**WORK REQUIRED**
All of the entries should be restated word for word, but without their pictures.

**TASK INPUTS**
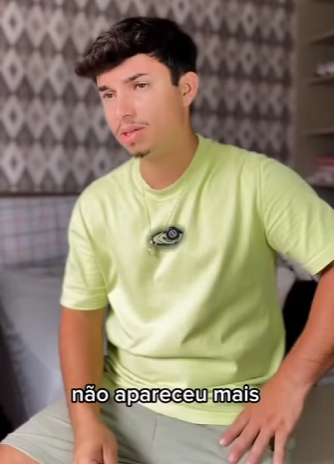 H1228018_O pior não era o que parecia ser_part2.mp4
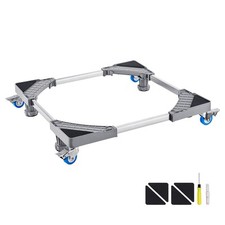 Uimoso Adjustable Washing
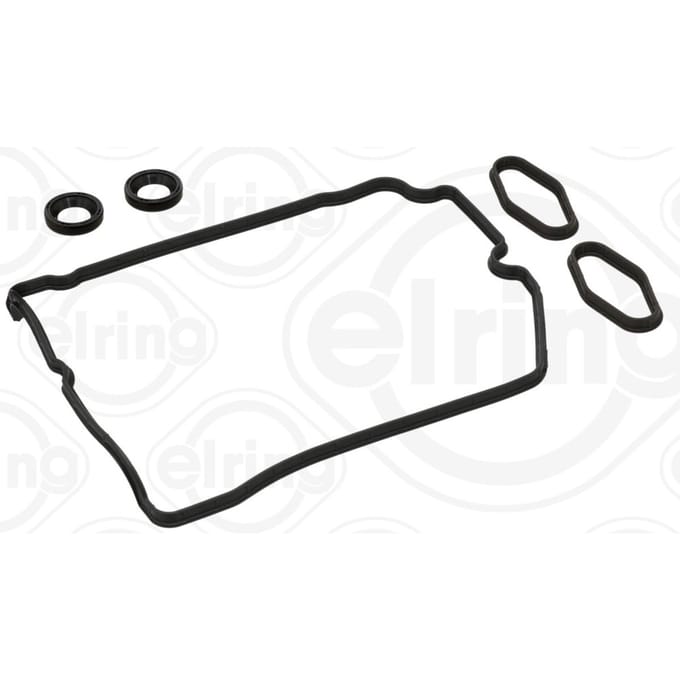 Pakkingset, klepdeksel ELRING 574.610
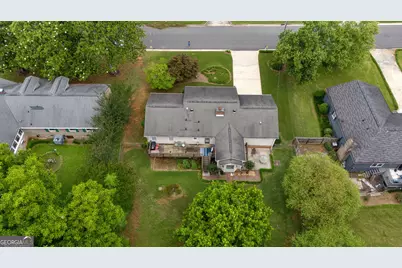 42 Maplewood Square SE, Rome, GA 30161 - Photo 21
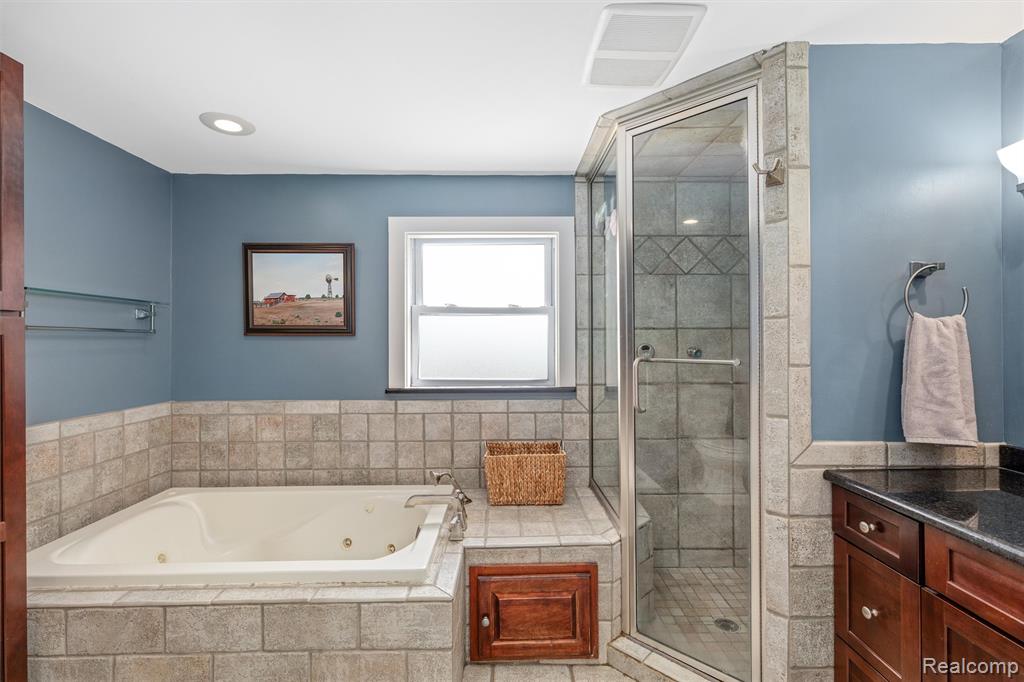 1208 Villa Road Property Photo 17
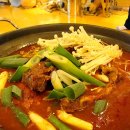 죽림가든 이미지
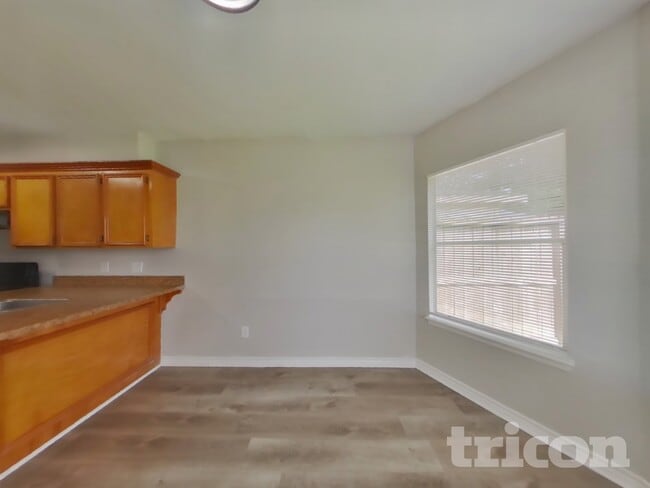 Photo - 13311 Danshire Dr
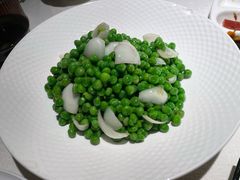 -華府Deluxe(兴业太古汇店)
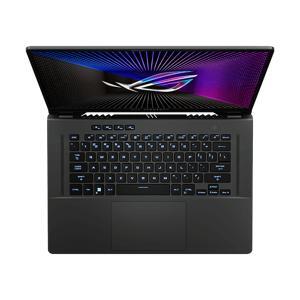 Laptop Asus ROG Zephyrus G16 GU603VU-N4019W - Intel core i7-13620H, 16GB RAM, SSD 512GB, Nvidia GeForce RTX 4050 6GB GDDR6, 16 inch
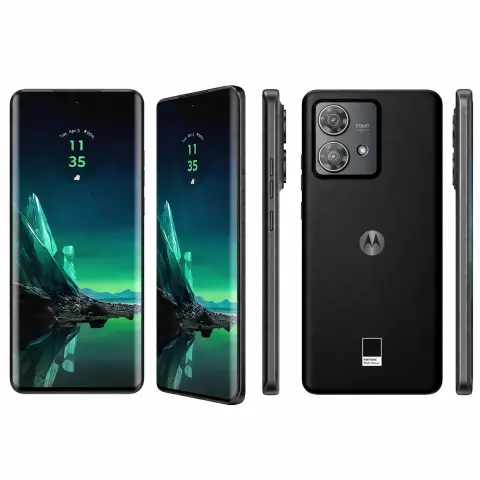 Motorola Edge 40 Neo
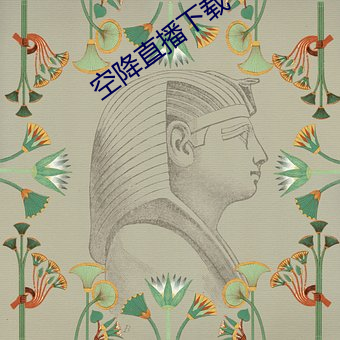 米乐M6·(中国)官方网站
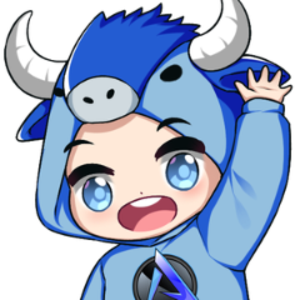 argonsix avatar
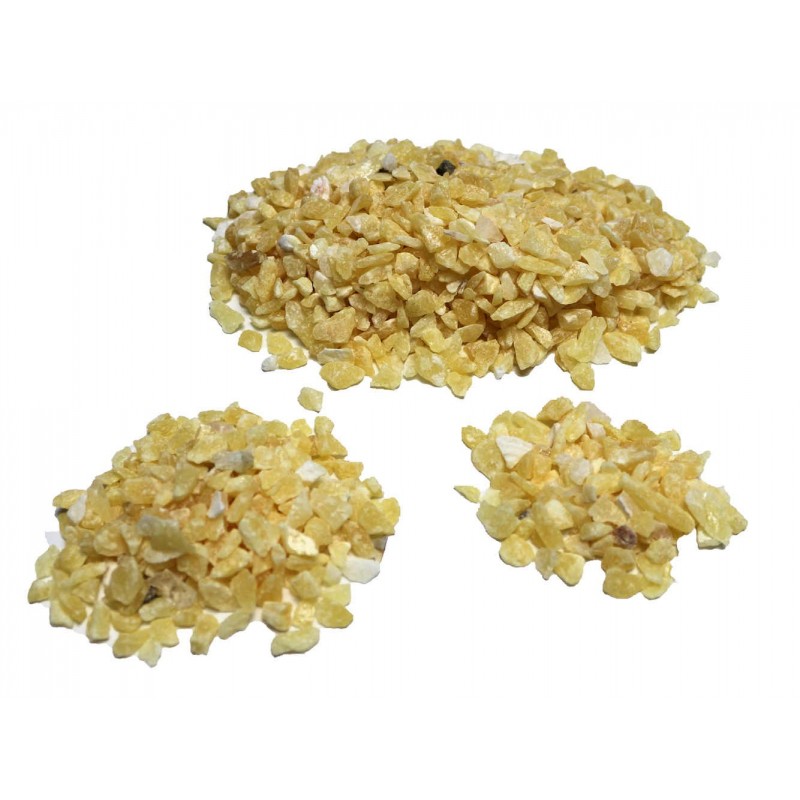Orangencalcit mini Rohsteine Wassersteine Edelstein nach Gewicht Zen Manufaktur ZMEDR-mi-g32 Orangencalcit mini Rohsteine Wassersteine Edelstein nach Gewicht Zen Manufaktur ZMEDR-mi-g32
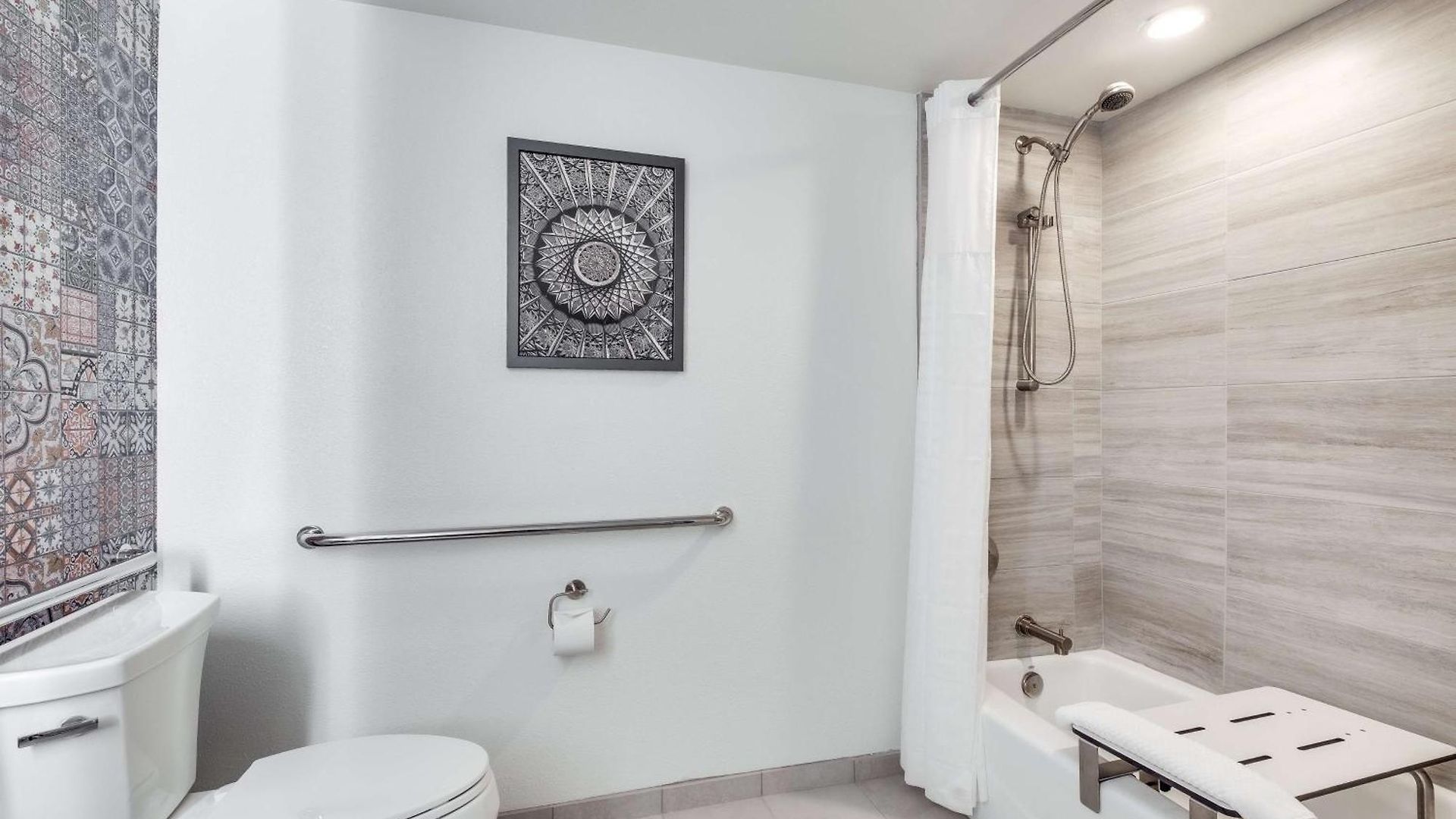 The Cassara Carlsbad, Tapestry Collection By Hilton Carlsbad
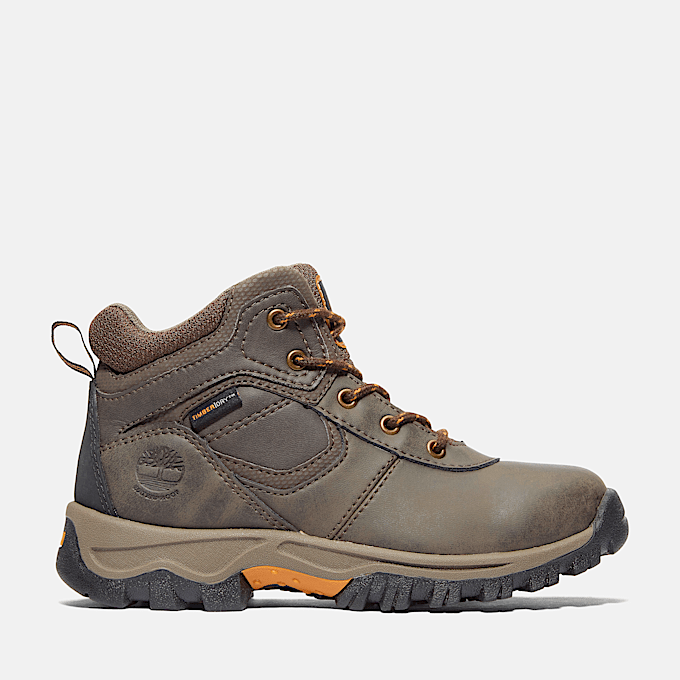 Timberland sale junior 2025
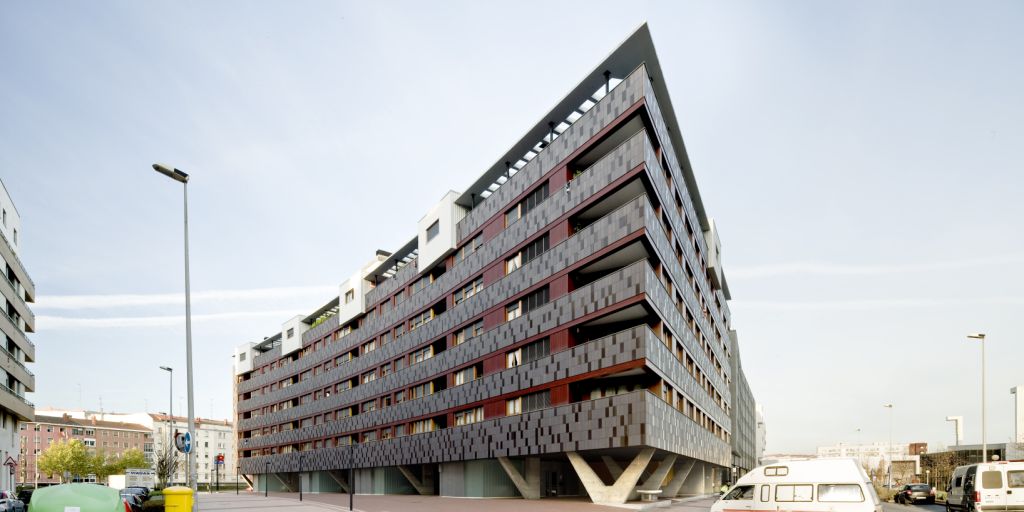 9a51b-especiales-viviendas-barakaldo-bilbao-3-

**RESPONSE**
 H1228018_O pior não era o que parecia ser_part2.mp4
 Uimoso Adjustable Washing
 Pakkingset, klepdeksel ELRING 574.610
 42 Maplewood Square SE, Rome, GA 30161 - Photo 21
 1208 Villa Road Property Photo 17
 죽림가든 이미지
 Photo - 13311 Danshire Dr
 -華府Deluxe(兴业太古汇店)
 Laptop Asus ROG Zephyrus G16 GU603VU-N4019W - Intel core i7-13620H, 16GB RAM, SSD 512GB, Nvidia GeForce RTX 4050 6GB GDDR6, 16 inch
 Motorola Edge 40 Neo
 米乐M6·(中国)官方网站
 argonsix avatar
Orangencalcit mini Rohsteine Wassersteine Edelstein nach Gewicht Zen Manufaktur ZMEDR-mi-g32 Orangencalcit mini Rohsteine Wassersteine Edelstein nach Gewicht Zen Manufaktur ZMEDR-mi-g32
 The Cassara Carlsbad, Tapestry Collection By Hilton Carlsbad
 Timberland sale junior 2025
 9a51b-especiales-viviendas-barakaldo-bilbao-3-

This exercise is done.